Lots of superiors have been totally wrong. Traders understand price action by trading it, academics write books instead.
> Fama and French Sure, and Asness et al 2013, and others... but the original citation was of J&T 2001, oddly without mention of J&T's own update in 2011.
Brother @debitspread: I am so glad I am able to follow your line of reasoning. I can see how lack of such citation (to the updated work) can certainly make momentum strategies inferior, useless, and not valid. I don't understand why other nay-sayers here are unable to follow our line of thought, and agree with us and brother Surf.
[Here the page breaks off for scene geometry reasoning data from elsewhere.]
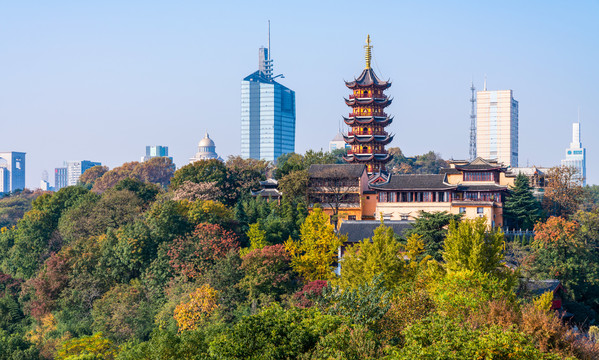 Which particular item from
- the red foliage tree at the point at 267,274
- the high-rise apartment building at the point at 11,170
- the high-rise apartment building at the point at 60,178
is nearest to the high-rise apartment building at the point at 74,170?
the high-rise apartment building at the point at 60,178

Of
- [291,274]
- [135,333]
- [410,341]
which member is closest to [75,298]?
[135,333]

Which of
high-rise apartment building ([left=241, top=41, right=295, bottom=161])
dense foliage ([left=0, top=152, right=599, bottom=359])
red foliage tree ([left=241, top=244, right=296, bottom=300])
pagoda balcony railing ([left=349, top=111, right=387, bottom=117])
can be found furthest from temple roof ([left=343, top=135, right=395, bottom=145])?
high-rise apartment building ([left=241, top=41, right=295, bottom=161])

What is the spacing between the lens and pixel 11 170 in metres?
181

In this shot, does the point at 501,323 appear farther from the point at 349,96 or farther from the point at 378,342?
the point at 349,96

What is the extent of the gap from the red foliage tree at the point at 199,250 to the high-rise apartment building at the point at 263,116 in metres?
104

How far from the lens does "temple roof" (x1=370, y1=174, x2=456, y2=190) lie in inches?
1725

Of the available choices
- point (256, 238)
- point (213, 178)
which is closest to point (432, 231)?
point (256, 238)

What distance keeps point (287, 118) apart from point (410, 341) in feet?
439

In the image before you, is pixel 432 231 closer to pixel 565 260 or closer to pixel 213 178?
pixel 565 260

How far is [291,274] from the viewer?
35719mm

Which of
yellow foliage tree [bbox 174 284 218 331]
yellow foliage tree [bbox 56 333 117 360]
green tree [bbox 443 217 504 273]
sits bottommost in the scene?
yellow foliage tree [bbox 56 333 117 360]

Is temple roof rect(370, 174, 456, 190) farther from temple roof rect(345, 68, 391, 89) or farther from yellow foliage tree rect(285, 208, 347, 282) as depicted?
temple roof rect(345, 68, 391, 89)

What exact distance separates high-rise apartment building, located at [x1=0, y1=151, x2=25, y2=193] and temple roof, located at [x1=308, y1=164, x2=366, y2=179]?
14737 centimetres

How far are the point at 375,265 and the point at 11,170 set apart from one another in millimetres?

Brother @marketsurfer: This is NOT FAIR. How could you do this behind my back? How could you edit your post (after I defended your unedited post) and say "Momentum works sometimes". How could you add so many other 'qualifiers' (a terminology from logic, in case you are sweating over the meaning of it) to your edited answer. I have been ardently defending you, and you have let me down. From this point on I shall no longer stay guard to protect you from those vicious, logically sound arguments in this thread. You will have to fend for yourself. Signing off from this thread! PS: BTW, your new conclusion -- 'since we don't know when momentum would work, such strategies have no edge' -- is as sound as your previous one. Makes we want to once again start defending you from those vicious logical attacks. If I decide to once again stand "guard", I will subscribe to your implicit assumption -- we know exactly when mean-reversion strategies will work, and hence only those strategies have an edge.
Is that you on the left Dave? Nice to put a face to the name. Apart from that, what was the point of this post? Just a random post as usual?